Based on the research of Nowak et al.9, cooperation in a selfish environment has been maintained stably and further promoted under the application of many mechanisms10,11. Based on the more realistic situation, many mechanisms have been also proposed12,13,14,15,16, such as asymmetric interaction17,18,19, reward (or punishment)20,21, social diversity22,23,24,25, partner selection26, different update rules27,28, mobility29,30,31,32, multi-strategy (loner, tit-for-tat)33,34,35,36, to name but a few.

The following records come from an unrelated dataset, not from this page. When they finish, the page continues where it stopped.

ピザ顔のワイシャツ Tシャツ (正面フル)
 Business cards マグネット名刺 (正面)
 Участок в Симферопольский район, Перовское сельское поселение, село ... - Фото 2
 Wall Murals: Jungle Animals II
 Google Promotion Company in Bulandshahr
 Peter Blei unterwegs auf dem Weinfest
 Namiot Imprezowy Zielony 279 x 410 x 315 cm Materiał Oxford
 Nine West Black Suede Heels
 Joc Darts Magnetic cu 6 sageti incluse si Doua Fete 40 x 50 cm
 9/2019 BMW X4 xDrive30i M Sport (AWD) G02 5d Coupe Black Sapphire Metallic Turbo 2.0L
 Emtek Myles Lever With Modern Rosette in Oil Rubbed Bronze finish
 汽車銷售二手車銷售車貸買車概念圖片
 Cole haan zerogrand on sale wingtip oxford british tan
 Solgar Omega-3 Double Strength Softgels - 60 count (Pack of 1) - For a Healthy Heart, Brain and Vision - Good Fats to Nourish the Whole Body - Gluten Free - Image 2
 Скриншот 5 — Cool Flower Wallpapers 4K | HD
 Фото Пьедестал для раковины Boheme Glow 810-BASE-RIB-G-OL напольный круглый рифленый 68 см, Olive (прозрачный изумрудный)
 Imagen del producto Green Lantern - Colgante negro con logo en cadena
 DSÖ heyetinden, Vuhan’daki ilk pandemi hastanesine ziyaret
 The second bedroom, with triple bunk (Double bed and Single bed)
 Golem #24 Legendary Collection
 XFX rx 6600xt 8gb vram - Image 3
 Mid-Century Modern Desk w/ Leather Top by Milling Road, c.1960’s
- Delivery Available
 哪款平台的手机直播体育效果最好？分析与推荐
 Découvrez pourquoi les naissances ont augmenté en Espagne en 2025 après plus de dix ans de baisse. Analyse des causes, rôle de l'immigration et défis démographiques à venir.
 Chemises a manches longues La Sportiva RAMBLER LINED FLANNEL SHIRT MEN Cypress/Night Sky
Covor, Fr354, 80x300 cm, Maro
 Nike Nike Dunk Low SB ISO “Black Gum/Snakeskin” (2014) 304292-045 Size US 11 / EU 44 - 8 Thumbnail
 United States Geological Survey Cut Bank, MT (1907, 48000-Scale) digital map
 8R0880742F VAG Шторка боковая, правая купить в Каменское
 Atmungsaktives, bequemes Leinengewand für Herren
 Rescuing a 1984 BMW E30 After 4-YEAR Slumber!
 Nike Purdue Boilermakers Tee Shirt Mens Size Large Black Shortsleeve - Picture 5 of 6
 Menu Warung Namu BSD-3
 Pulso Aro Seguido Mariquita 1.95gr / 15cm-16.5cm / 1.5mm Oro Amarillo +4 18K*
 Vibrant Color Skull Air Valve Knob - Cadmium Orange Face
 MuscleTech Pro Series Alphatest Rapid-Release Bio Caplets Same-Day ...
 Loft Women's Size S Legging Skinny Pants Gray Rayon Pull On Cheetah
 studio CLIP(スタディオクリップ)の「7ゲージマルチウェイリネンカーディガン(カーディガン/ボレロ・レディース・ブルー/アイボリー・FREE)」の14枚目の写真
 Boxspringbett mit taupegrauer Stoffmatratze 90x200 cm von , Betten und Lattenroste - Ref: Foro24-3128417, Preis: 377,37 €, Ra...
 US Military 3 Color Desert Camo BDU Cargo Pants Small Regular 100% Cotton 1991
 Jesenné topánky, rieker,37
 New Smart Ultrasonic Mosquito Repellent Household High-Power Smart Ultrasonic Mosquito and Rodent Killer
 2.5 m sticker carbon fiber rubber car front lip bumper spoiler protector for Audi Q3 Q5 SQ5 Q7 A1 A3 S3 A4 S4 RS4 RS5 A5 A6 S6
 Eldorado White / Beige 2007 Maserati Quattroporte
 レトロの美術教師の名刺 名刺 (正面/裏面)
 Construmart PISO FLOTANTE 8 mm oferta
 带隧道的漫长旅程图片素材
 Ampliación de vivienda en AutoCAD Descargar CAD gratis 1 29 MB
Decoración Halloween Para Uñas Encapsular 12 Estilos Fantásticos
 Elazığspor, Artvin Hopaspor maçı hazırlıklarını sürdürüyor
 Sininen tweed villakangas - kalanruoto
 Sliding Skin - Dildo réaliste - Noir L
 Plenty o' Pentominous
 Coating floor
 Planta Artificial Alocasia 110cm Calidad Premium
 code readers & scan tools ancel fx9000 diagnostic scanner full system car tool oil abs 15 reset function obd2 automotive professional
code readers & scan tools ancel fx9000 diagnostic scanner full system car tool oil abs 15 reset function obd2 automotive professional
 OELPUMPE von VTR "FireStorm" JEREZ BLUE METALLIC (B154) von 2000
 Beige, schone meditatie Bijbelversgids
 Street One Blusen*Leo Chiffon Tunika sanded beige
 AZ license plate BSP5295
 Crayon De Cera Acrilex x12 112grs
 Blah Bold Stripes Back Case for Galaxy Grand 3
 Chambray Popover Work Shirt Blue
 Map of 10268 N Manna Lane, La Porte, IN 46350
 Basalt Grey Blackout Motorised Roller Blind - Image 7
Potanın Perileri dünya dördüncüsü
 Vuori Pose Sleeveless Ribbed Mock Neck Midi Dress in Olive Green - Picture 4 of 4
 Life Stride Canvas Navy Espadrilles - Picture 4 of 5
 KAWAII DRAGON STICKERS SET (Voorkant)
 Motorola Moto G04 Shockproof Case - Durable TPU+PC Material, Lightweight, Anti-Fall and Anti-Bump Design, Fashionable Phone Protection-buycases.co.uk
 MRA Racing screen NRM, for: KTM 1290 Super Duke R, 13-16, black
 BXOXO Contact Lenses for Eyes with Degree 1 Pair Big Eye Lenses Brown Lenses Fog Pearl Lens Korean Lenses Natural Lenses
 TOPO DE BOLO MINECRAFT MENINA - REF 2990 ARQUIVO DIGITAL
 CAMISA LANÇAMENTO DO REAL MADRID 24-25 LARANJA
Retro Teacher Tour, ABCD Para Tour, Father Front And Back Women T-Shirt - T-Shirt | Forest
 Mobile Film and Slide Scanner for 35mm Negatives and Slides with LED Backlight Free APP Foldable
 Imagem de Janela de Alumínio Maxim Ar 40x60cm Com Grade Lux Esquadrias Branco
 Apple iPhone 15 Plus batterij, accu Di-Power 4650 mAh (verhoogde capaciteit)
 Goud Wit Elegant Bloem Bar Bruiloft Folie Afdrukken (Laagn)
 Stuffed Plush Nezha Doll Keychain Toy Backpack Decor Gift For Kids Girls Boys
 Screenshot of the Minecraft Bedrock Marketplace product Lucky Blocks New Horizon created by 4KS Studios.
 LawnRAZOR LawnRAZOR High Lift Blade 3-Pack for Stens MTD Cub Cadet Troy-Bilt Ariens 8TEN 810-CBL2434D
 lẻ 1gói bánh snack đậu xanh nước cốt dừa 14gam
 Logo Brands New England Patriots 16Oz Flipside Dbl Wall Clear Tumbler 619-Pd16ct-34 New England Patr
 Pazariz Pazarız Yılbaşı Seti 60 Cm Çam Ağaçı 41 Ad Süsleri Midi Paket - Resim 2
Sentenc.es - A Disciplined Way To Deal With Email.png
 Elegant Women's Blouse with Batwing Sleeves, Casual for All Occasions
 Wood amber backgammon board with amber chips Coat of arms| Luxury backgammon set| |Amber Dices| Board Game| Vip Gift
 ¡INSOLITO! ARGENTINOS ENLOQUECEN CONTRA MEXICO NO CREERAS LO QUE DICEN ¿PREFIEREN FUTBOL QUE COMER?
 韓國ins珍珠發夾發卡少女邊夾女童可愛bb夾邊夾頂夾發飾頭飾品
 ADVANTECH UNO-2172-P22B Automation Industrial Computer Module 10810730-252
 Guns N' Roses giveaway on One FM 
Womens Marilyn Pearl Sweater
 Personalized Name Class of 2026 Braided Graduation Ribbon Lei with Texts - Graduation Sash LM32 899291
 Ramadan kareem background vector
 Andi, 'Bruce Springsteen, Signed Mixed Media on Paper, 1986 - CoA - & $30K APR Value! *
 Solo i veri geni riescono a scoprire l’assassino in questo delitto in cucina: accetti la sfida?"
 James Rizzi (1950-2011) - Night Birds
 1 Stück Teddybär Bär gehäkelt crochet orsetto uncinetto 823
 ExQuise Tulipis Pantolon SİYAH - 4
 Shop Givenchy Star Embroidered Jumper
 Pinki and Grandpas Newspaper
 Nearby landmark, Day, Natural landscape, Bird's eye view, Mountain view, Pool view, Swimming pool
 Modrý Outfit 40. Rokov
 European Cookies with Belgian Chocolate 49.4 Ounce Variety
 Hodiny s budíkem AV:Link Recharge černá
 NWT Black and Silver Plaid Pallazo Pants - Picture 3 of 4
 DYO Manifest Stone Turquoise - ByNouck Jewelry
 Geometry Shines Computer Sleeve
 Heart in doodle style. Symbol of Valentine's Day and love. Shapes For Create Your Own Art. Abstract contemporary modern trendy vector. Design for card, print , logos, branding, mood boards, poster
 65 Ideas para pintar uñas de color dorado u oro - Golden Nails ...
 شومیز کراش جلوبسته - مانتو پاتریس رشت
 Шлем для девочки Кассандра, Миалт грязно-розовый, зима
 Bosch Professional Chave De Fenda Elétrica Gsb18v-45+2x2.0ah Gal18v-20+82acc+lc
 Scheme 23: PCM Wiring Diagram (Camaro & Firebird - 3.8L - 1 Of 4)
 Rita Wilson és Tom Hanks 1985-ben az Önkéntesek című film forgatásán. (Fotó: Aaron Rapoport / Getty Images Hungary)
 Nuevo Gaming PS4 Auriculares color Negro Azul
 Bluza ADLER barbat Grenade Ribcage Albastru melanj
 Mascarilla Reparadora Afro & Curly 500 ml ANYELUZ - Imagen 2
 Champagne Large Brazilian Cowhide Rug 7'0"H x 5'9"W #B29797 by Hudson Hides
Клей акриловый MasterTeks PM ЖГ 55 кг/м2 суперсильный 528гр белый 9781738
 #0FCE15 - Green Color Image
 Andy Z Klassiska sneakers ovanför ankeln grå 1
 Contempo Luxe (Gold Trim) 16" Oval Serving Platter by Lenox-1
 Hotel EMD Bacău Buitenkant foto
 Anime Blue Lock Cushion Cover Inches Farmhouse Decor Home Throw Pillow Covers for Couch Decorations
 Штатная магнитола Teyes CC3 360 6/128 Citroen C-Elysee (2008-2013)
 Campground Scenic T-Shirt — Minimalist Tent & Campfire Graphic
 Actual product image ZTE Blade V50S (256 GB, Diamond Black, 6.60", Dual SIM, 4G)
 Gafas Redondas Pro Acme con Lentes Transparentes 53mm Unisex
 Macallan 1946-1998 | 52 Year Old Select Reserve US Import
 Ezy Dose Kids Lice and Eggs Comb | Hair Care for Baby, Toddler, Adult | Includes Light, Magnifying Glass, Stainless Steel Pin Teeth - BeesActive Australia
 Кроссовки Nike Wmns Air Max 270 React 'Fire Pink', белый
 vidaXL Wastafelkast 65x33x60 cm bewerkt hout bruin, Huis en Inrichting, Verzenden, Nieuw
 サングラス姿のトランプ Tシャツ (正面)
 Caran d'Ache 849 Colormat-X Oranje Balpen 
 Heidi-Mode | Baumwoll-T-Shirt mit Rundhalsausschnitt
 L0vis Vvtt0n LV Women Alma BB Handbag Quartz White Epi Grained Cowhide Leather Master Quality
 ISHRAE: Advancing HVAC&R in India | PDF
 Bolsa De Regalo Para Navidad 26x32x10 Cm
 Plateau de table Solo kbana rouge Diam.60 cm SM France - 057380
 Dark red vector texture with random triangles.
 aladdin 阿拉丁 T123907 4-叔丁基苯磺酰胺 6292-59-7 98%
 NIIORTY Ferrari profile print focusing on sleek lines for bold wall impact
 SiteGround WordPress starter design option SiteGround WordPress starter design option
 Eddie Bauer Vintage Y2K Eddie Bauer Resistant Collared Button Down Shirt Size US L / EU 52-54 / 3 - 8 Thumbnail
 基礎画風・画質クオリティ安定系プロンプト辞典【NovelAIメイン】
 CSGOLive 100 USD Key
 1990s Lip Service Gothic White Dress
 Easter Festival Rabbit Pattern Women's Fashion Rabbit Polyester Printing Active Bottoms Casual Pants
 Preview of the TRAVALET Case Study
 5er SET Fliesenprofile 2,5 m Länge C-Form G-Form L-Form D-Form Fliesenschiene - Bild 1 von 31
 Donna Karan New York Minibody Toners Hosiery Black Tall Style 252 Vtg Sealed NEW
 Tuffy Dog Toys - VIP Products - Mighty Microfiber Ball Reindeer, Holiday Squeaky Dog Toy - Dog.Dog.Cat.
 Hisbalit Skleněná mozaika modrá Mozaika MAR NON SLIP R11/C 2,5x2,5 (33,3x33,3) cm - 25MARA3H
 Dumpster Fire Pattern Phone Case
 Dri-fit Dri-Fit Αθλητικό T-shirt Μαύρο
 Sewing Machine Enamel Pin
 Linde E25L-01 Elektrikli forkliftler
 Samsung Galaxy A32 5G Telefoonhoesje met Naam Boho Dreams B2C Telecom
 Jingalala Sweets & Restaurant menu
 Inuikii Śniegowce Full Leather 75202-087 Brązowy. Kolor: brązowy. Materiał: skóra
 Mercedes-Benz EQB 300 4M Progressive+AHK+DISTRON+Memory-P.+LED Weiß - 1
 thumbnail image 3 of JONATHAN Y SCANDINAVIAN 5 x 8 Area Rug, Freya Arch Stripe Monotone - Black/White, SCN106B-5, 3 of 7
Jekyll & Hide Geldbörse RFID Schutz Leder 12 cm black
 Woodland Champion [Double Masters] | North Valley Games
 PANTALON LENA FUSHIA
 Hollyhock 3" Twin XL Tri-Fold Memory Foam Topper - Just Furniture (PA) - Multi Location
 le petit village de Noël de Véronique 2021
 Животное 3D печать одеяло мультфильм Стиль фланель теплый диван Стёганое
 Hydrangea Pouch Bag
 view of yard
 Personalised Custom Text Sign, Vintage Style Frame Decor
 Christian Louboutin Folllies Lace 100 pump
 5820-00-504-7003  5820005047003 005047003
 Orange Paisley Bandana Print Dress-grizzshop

Besides, heterogeneity provides diversity phenomenons for evolutionary games37,38,39,40,41,42,43. For example, the heterogeneity of age that is introduced into individual payoff by constructing an age-dependent function can promote the level of cooperation among population, especially when some individuals with certain characteristics or abilities became more influential44. Moreover, Amaral et al. explored the heterogeneity of the game and found that cooperation was reborn and greatly promoted by playing mixed games (including four different classes of game) on two different networks45. However, contrary to the above conclusions, Perc explored the impact of heterogeneity in public goods game by setting two types of scaling factors with uniform distribution and exponential distribution, and found that strong heterogeneity did not show advantage in facilitating cooperation46. In addition, the experimental test found that there is almost no difference in the level of cooperation observed between the lattice and the scale-free network in the paired interactive prisoner’s dilemma47. More recently, the investigation about the effect of heterogeneity has the answer already: it depends on the specific definition of heterogeneity and updating rule48.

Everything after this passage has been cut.